[Opening DATASET EXCERPTS section]

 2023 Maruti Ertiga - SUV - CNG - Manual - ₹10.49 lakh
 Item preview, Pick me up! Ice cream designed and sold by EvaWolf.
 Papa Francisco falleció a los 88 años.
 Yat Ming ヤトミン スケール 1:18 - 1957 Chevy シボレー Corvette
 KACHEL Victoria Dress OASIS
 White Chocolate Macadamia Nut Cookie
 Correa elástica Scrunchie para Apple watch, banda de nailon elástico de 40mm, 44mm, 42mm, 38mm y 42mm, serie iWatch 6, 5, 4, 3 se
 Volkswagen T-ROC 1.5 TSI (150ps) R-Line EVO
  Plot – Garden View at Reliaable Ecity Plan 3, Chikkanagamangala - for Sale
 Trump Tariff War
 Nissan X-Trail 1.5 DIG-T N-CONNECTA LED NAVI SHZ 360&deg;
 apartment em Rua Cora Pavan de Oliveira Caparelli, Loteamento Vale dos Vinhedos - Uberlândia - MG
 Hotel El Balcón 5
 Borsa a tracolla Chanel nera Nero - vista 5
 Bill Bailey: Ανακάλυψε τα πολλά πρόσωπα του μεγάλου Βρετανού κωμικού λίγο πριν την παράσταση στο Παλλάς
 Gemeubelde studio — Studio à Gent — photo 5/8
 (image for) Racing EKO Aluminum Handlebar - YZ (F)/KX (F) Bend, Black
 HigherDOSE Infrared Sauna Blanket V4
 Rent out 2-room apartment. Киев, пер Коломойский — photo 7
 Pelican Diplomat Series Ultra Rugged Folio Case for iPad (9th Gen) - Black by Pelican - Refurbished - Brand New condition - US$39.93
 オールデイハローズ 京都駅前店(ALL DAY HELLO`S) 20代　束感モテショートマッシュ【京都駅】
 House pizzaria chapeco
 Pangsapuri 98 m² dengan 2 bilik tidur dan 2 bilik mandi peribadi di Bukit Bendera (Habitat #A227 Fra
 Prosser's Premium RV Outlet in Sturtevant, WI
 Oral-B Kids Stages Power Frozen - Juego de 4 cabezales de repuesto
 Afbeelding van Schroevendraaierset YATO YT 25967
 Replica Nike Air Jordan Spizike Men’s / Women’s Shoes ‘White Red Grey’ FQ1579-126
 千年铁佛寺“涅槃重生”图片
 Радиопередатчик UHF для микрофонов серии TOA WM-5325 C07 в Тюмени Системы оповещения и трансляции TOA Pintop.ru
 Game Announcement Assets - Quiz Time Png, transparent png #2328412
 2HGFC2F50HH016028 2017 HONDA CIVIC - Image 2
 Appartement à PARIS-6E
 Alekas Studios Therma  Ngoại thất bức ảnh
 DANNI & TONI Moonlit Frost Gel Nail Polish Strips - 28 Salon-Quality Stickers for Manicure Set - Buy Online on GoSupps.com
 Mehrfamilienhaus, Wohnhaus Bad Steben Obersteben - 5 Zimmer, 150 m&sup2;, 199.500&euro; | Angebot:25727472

[Closing DATASET EXCERPTS section]

▶ WHAT THE TASK REQUIRES
Starting at the first line of the data above, retype each line exactly until you reach the line containing "Trump Tariff War", and include that line too.

▶ WRITTEN SOLUTION
 2023 Maruti Ertiga - SUV - CNG - Manual - ₹10.49 lakh
 Item preview, Pick me up! Ice cream designed and sold by EvaWolf.
 Papa Francisco falleció a los 88 años.
 Yat Ming ヤトミン スケール 1:18 - 1957 Chevy シボレー Corvette
 KACHEL Victoria Dress OASIS
 White Chocolate Macadamia Nut Cookie
 Correa elástica Scrunchie para Apple watch, banda de nailon elástico de 40mm, 44mm, 42mm, 38mm y 42mm, serie iWatch 6, 5, 4, 3 se
 Volkswagen T-ROC 1.5 TSI (150ps) R-Line EVO
  Plot – Garden View at Reliaable Ecity Plan 3, Chikkanagamangala - for Sale
 Trump Tariff War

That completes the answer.